New measures to control spread to humans

WASHINGTON — The federal government will provide livestock farms as much as $28,000 apiece to bolster protective measures and testing for the avian flu virus spreading among dairy cows, officials said Friday.

The Agriculture Department also allotted $98 million to aid states restricting the interstate movement of affected cattle, and health officials announced they would put an additional $101 million toward expanded surveillance, tests, treatments, and vaccines for the virus, which has now spread to at least 40 farms in nine states, with one confirmed human transmission.

The announcement comes amid increasing calls from infectious disease experts and public health officials for a clear picture of the virus’ spread and the risk it might pose. While officials maintain that the risk of spread to the general public is still very low, farmworkers are repeatedly exposed to potentially sick cows. Yet early efforts by federal and state health officials to shore up protective measures have had limited success.

Since a federal testing order was issued April 29, “approximately 80” cows have been tested for the virus, USDA Secretary Tom Vilsack said. “I don’t have the number of positives.”

Affected farmers could receive thousands of dollars over the next 120 days to provide personal protective equipment to workers, ship onsite tests to federal labs, safely dispose of contaminated products, and call in veterinary care. Workers could also be compensated for enrolling in bird flu studies led by the Agriculture Department and the Centers for Disease Control and Prevention.

Separately, the USDA said it will compensate farms for lost product due to H5N1 contamination. The funds will draw from an existing emergency assistance program usually used for culling sick poultry and other livestock.

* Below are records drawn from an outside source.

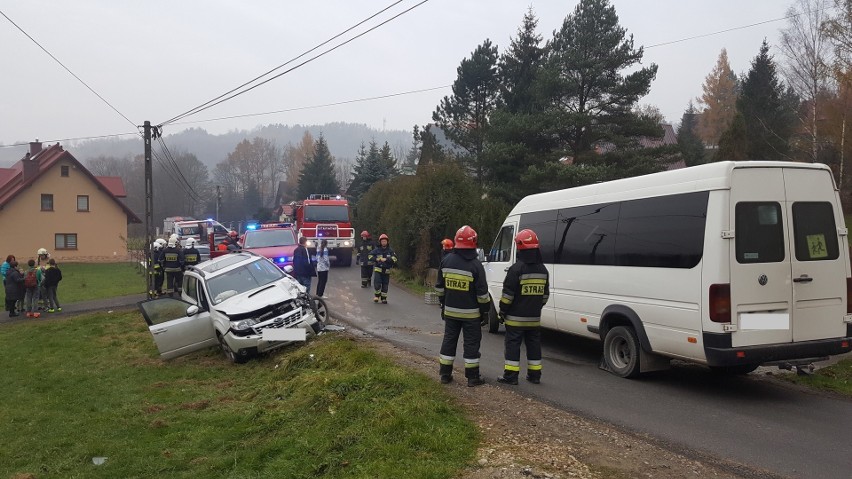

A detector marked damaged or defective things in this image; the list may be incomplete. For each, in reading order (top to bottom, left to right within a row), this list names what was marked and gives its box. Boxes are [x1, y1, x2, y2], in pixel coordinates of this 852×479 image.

crashed white car [138, 253, 324, 362]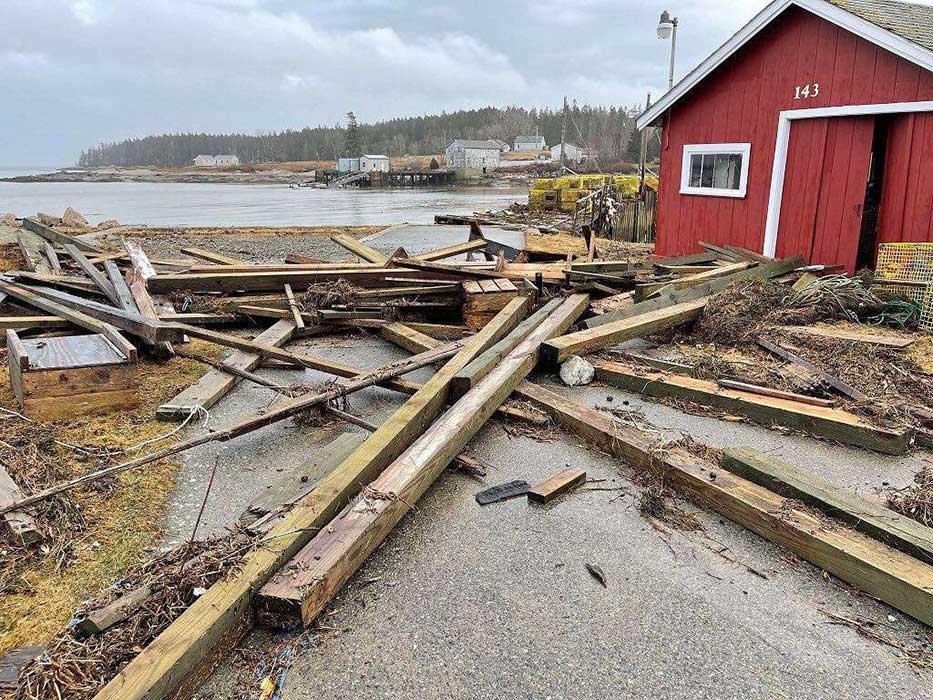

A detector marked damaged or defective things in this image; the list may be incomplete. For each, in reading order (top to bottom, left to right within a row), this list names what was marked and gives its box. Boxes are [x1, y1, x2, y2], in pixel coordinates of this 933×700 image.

splintered plank [179, 247, 244, 266]
splintered plank [330, 234, 388, 264]
splintered plank [414, 241, 488, 262]
splintered plank [157, 320, 294, 418]
splintered plank [540, 296, 708, 364]
broken wooden beam [540, 296, 708, 364]
splintered plank [596, 360, 912, 454]
broken wooden beam [596, 360, 912, 454]
splintered plank [94, 296, 536, 700]
splintered plank [255, 292, 588, 620]
splintered plank [528, 470, 588, 504]
splintered plank [512, 382, 932, 628]
broken wooden beam [512, 382, 932, 628]
splintered plank [720, 448, 932, 564]
broken wooden beam [720, 448, 932, 564]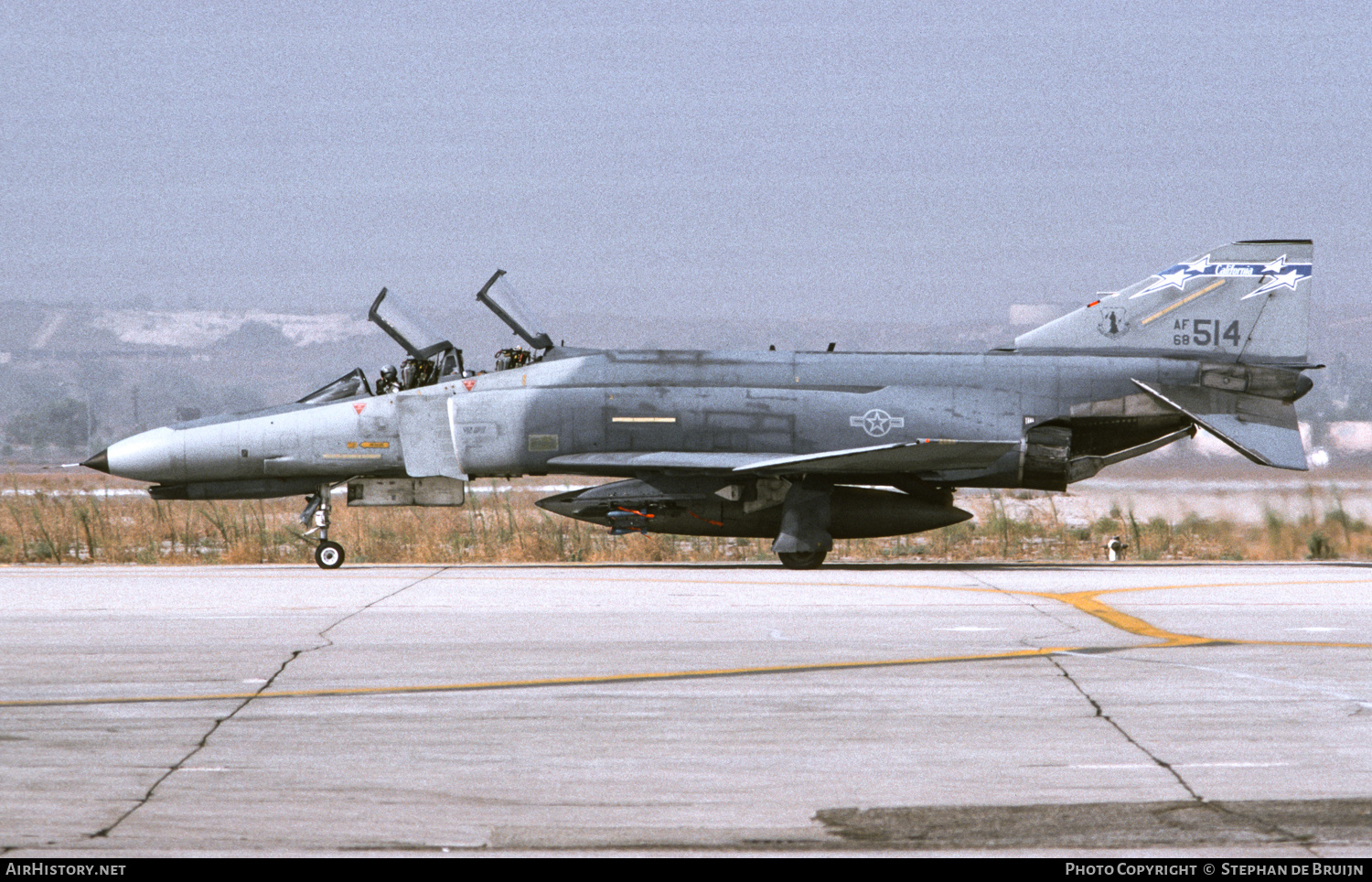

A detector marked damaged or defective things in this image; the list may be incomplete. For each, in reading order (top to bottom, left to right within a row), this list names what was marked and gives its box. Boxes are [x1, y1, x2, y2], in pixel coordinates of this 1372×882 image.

“Dairy cows that have H5N1 generally recover well and there’s little mortality associated with this disease. It does dramatically limit milk production, which can cause economic loss for producers with affected premises,” Vilsack told reporters. “We want to support farmers…to offset some of those losses.”

The CDC also said it “has identified an additional $93 million” to build lab capacity, scale up wastewater and exposure surveillance, and boost genomic sequencing. The Food and Drug Administration announced an additional $8 million will go toward bolstering testing and surveillance of the commercial milk supply. The funds, officials said in the statement, “may also allow the FDA to partner with universities on critical research questions.”

Health officials have been preparing for “an avian influenza outbreak of this kind” for 20 years, Health and Human Services Secretary Xavier Becerra said.

“It’s critical that we are well positioned to test, treat, prevent, this virus from spreading. I think that’s clear in everything we’re saying,” he said.

The funds announced Friday will be channeled to farms with confirmed cases of H5N1, though CDC separately on Monday urged all farms and slaughterhouses to provide protective gear to workers.

“We recognize that from a worker safety perspective, there can be risks even before the herd is confirmed to be positive,” CDC Deputy Director Nirav Shah said Friday.

Yet there is no mechanism to require workers to wear protective equipment, or test and participate in studies.

“In terms of farmworkers, that really is a voluntary circumstance,” said Vilsack. “I’m sure if they’re willing to work with CDC, I’m sure CDC would be happy to oblige.”